» **Your assignment**
Pictures are not part of the copy; reproduce the remaining data exactly.

» **Data segment**
Segment Open

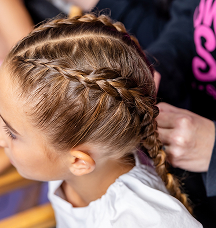 Thumbnail for Braiding Class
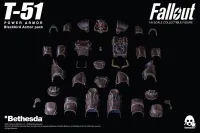 threezero Fallout - 1/6 T-51 Blackbird Armor Pack - Fallout - photo 12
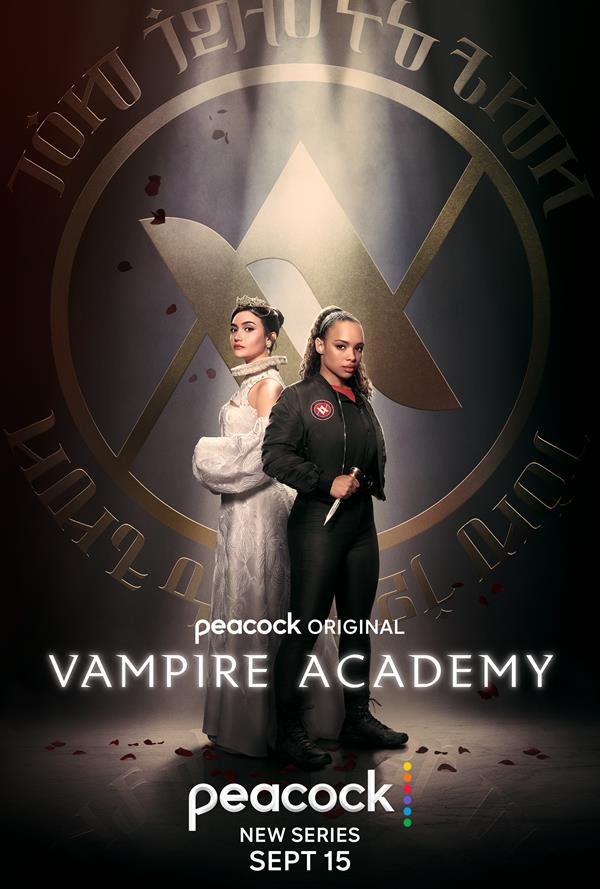 سریال Vampire Academy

Segment Closed

» **Problem solution**
 Thumbnail for Braiding Class
 threezero Fallout - 1/6 T-51 Blackbird Armor Pack - Fallout - photo 12
 سریال Vampire Academy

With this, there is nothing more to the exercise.